__WORK TASK__
No picture belongs in the copy. Repeat each line below exactly.

+++ EXTRACTED INFORMATION

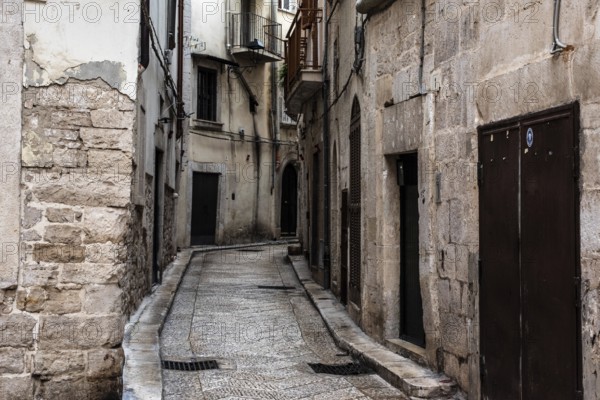 Old ancient typical alleyway in the Italian town of Trani, Southern Italy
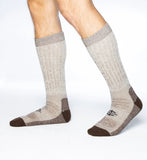 Pair of beige socks with brown accents worn by a person on a white background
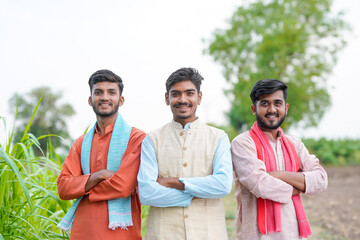 young indian farmer group standing together at agricultural field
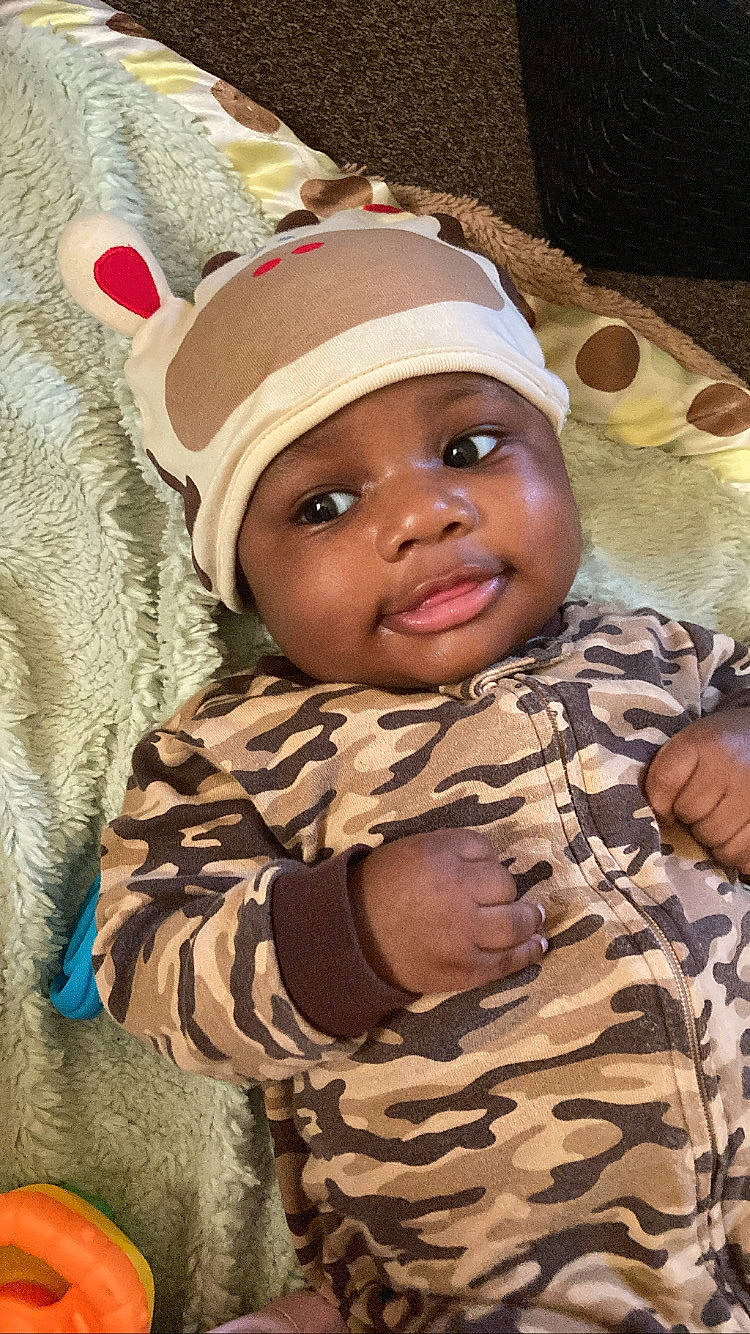 Jamichael joined the competition — help win amazing prizes! baby, cap, cheek, child, eye, fun, happy, headgear, headwear, laugh, linens, military_camouflage, mouth, pattern, person, room, skin, smile, soldier, toddler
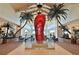 Grand lobby featuring a large red flip-flop sculpture at 8035 Surf St, Kissimmee, FL 34747
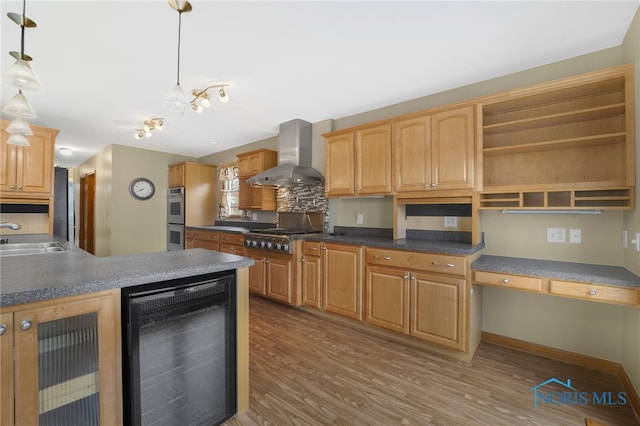 kitchen with wine cooler, stainless steel appliances, a sink, wall chimney range hood, and open shelves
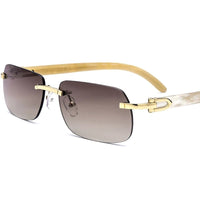 Luxury Buffalo Horn sunglasses for men and women by MANDOTOS INTERNATIONAL, stylish designer eyewear with dark tinted lenses.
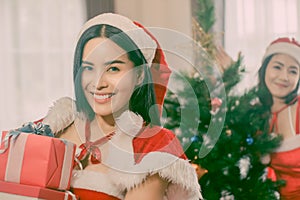 Portrait two beautiful woman holding gift box in hand and wearing red Santa Claus outfit and smiling happily, concept Christmas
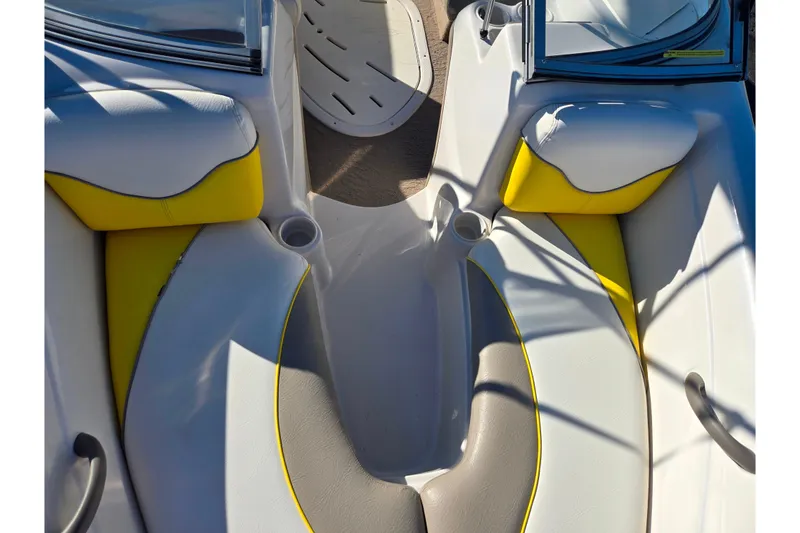 Slide: The Image of 2006 Tahoe Q4 Sport boat interior with yellow and white seating. - 17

++++++

__RESPONSE TO THE TASK__
 Old ancient typical alleyway in the Italian town of Trani, Southern Italy
 Pair of beige socks with brown accents worn by a person on a white background
 young indian farmer group standing together at agricultural field
 Jamichael joined the competition — help win amazing prizes! baby, cap, cheek, child, eye, fun, happy, headgear, headwear, laugh, linens, military_camouflage, mouth, pattern, person, room, skin, smile, soldier, toddler
 Grand lobby featuring a large red flip-flop sculpture at 8035 Surf St, Kissimmee, FL 34747
 kitchen with wine cooler, stainless steel appliances, a sink, wall chimney range hood, and open shelves
 Luxury Buffalo Horn sunglasses for men and women by MANDOTOS INTERNATIONAL, stylish designer eyewear with dark tinted lenses.
 Portrait two beautiful woman holding gift box in hand and wearing red Santa Claus outfit and smiling happily, concept Christmas
 Slide: The Image of 2006 Tahoe Q4 Sport boat interior with yellow and white seating. - 17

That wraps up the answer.